ホリスティック・ウェルネス・アドバイザー、星宏美さんのコラムです。このところ、ずっと季節と中医学や薬膳の関係をご紹介してきましたが、今回は少し視点を変えて、中医学による季節と色と臓腑の関係についてのお話です。ちなみに秋の色は「白」だそうです。
五行色体表にある5つの色
以前のコラムでもお話したことがありますが、中医学では五行色体表が考え方の基本になっています。
この五行は、木・火・土・金・水。まずはこれが基本となります。
そして五行をベースとして、関連する季節や臓腑が割り振られていますが、その中には、色も含まれています。
この5つの色は「五色(ごしき)」と呼ばれています。よく見かける五行色体表には、この5つの色をベースに色分けされて描かれているものが多くあります。
この五行と色や季節の関係を簡単に説明しましょう。
木(もく)は、木々のことを表しています。ですから、緑という色と関連することもイメージしやすいと思います。また、関連する季節が春であることも、草木が芽吹いたりする時期なのでわかりやすいですね。
火(か)は、めらめら燃える火のことです。これも赤や夏と関連が深いことは理解できると思います。
けれども、あとの3つは日本人の感覚にとってなかなかイメージしづらいかもしれません。
土(ど)は、年4回ある土用の時期のことで、関連する色は黄。
金(きん)は金属を表して、秋と白。
水(すい)は流れる水のことで、黒と冬。
いずれも中医学や薬膳独特の視点からきている考え方です。
季節と色と体調の関係
また、五行色体表には臓腑も記されています。このように五色は、臓腑や体調とも大きく関わりあっています。
たとえば金の列を見てみましょう。
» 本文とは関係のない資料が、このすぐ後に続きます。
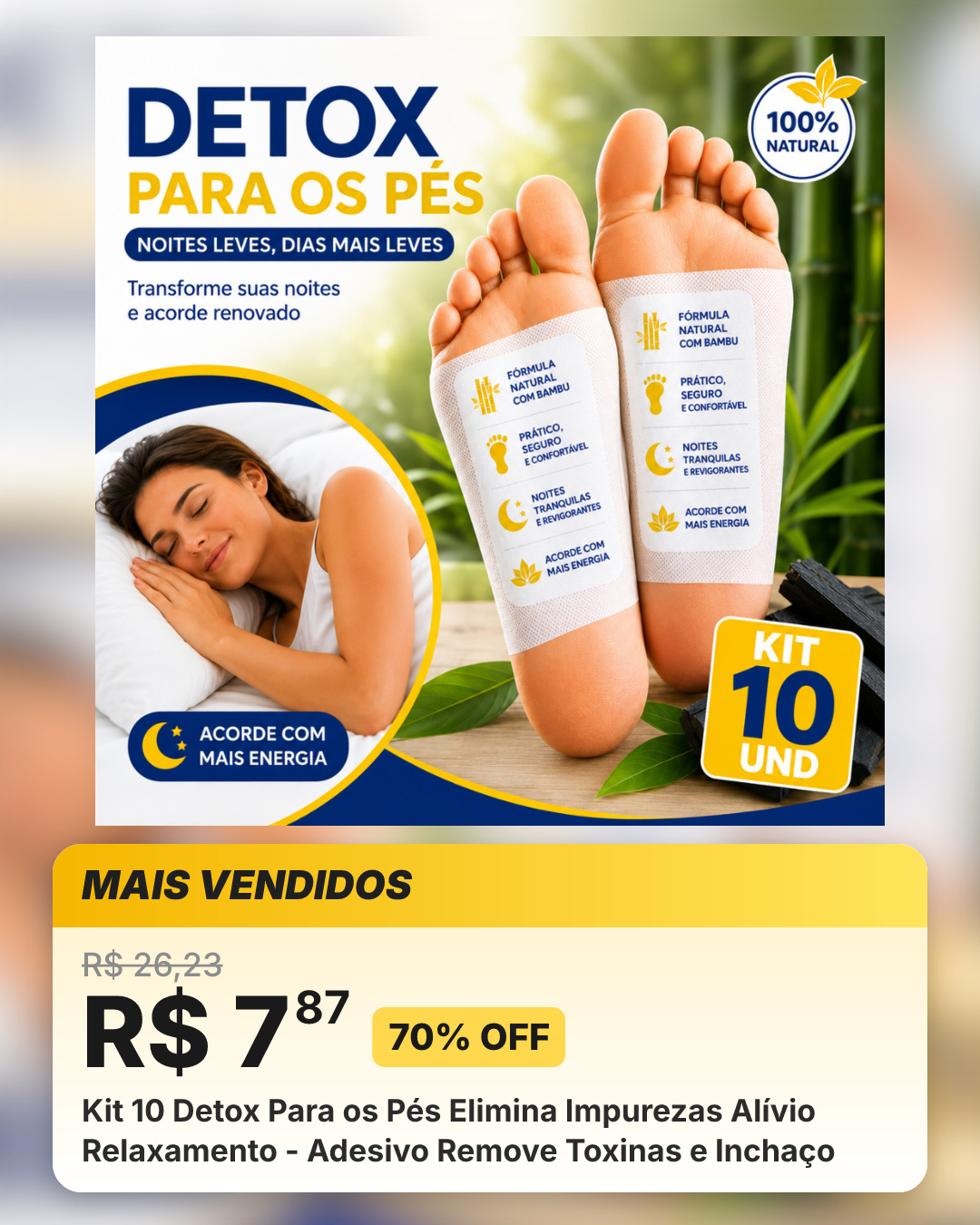 Kit 10 Detox Para os Pés Elimina Impurezas Alívio Relaxamento - Adesivo Remove Toxinas e Inchaço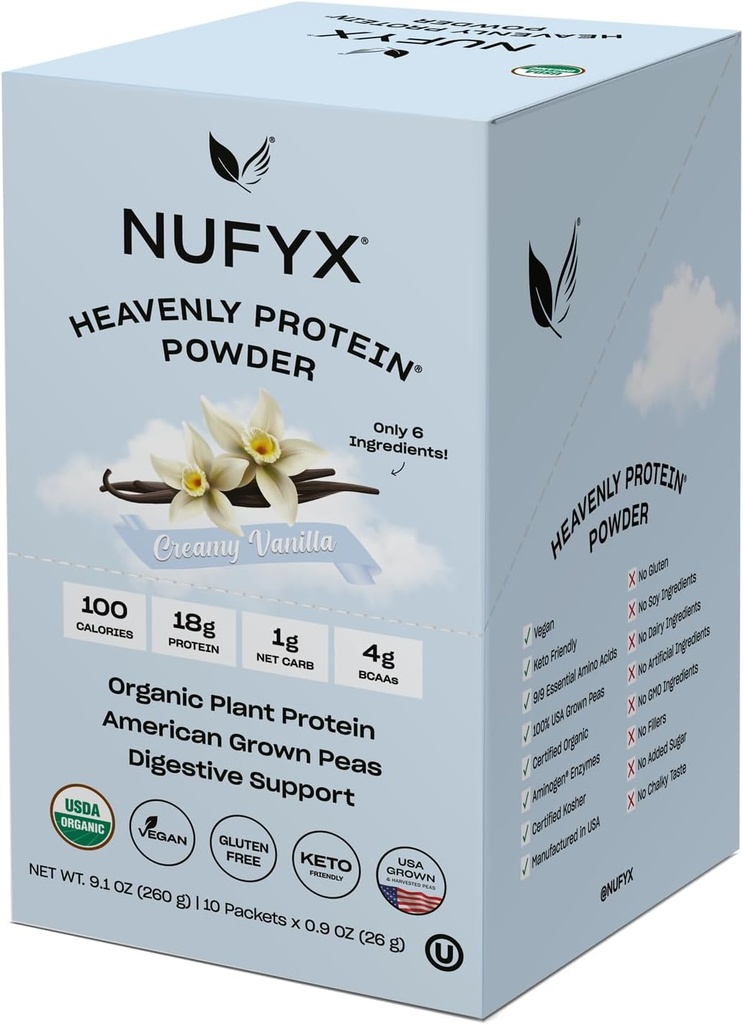 NUFYX® • Himmlisches Protein®-Pulver • Welt feinste 100% organische amerikanische Grown-Bäse • Vegan • Glutenfrei • Niedrige Kohle (Kreamy Vanilla, Box von 10 Packungen)
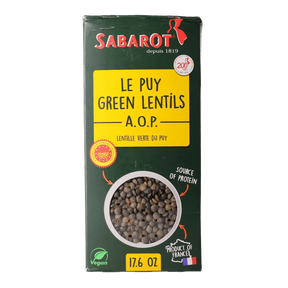 Sabarot Le Puy Green Lentils A.O.P. - French, vegan, protein-rich, 17.6 oz, protected origin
関連するものとして、秋、肺、大腸、白があげられます。
中医学では、秋は変化を感じやすい季節で、肺や大腸に影響が出るといわれています。
また、顔色や肌色が白っぽくなると、この2つの臓腑に不調が現れやすく、それらの不調を改善するためには、白い食材をとることが効果的と考えられています。
残りの4つの行の関係も同じです。
朝、鏡をのぞいてみて、顔色が赤や黄、黒っぽいなと感じたときは、表にある臓腑を思い浮かべてみましょう。ちなみに緑には「青」の意味もあり、顔色でいうなら、青っぼかったり青筋がたっているような状態をさします。
季節の色にあった食材を選んで体調管理
いまもお話したように、顔色がいつもの違うときはその色にあった食材を選ぶというのが中医学における健康法の基本です。
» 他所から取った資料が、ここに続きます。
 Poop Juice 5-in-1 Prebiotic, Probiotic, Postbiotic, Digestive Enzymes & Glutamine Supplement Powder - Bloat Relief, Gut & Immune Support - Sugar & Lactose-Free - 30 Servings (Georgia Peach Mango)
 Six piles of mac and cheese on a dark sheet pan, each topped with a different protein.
たとえば代表的な食材としては次のようなものがあげられます。
緑
小松菜、ほうれん草、キャベツ、パセリ、ピーマン、セロリなど
赤
スイカ、トマト、クランベリー、ニンジン、鮭、マグロなど
黄色
ジャガイモ、かぼちゃ、さつまいも、トウモロコシ、など
白
豆腐、山芋、梨、りんご、牛乳、豆乳など
黒
きくらげ、黒豆、わかめ、昆布など
秋が深まってくるこれからの季節、関係が深くなる臓器は肺と大腸」。白い食材を選ぶようにして、肺の乾燥からくる咳や腸内環境の乱れに気を配りましょう。
季節それぞれに大切な色があることを意識して、中医学を上手に毎日の暮らしに取りいれてくださいね。